- Task to complete -
Below are the records. List every line holding the word "Halloween".

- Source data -
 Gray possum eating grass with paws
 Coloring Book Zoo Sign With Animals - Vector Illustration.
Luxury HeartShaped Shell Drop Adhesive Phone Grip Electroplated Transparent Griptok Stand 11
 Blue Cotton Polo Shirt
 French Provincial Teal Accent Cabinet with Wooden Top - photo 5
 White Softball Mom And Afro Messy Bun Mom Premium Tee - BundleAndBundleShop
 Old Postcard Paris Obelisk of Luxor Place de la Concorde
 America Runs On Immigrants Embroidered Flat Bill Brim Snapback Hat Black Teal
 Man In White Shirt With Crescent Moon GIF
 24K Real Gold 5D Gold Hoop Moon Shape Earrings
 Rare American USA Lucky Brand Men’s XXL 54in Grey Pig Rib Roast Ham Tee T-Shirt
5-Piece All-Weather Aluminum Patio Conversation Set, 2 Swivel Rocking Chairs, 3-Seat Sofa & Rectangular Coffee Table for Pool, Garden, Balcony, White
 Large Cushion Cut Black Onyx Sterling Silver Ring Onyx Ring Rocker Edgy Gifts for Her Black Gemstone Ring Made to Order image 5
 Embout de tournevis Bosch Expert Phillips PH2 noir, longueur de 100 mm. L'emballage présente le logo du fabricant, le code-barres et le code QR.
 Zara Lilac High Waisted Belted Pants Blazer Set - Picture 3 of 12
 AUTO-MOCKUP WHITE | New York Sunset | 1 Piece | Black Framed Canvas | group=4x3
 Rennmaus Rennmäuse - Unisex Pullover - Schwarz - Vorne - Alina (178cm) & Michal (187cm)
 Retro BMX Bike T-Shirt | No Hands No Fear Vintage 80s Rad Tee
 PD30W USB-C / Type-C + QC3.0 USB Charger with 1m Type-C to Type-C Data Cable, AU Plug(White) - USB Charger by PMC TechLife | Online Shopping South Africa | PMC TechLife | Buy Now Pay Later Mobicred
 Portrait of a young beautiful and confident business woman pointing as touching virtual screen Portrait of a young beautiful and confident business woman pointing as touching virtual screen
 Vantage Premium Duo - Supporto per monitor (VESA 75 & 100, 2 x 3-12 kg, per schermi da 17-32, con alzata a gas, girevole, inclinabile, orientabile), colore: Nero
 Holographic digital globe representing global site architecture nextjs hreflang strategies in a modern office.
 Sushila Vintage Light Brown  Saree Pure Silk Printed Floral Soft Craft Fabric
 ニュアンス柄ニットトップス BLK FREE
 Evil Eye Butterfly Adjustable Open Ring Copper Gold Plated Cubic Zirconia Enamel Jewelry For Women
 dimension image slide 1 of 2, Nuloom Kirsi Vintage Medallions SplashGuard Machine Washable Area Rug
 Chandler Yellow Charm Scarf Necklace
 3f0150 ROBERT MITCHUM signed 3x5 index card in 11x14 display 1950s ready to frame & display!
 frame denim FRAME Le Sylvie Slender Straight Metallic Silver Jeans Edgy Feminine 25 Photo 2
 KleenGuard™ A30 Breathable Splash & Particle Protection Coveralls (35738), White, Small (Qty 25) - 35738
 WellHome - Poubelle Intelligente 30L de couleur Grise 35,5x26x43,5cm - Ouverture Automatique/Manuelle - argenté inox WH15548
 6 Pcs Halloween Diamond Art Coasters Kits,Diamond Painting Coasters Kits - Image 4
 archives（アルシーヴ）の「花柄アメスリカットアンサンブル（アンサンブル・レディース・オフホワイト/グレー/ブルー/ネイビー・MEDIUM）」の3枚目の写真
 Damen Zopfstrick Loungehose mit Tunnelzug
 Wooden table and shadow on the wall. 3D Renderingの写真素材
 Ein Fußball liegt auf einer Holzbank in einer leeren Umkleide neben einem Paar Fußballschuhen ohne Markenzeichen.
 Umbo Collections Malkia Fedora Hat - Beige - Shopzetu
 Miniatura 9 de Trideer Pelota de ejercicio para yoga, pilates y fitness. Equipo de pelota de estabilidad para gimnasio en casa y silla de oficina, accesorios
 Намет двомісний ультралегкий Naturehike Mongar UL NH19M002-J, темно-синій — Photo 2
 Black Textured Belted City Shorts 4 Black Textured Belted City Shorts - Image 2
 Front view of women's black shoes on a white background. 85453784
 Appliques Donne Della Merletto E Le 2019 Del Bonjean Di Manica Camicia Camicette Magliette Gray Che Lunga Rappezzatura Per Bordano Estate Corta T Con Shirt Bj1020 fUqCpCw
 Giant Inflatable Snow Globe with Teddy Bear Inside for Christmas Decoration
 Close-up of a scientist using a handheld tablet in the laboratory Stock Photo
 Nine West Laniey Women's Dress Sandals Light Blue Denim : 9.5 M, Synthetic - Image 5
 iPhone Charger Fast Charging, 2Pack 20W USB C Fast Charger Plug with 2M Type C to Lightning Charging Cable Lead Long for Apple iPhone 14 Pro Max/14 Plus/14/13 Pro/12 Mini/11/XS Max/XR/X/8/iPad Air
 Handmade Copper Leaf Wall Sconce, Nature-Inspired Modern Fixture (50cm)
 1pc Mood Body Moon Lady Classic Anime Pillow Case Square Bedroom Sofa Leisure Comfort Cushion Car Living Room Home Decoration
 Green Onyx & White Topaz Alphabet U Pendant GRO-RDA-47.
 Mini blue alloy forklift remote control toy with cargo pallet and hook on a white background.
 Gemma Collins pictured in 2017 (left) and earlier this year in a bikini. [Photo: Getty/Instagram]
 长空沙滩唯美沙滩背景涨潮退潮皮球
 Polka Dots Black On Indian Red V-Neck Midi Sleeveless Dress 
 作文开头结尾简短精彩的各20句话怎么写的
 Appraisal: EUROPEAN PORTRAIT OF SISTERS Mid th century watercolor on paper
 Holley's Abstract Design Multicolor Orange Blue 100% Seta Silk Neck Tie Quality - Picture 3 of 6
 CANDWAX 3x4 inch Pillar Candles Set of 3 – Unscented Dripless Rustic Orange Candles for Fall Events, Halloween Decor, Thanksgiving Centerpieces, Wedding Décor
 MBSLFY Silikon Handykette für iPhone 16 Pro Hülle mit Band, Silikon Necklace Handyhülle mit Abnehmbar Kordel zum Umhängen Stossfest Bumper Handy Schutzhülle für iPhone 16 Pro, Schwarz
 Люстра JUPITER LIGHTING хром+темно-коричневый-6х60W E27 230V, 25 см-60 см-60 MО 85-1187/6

- Result of this exercise -
 6 Pcs Halloween Diamond Art Coasters Kits,Diamond Painting Coasters Kits - Image 4
 CANDWAX 3x4 inch Pillar Candles Set of 3 – Unscented Dripless Rustic Orange Candles for Fall Events, Halloween Decor, Thanksgiving Centerpieces, Wedding Décor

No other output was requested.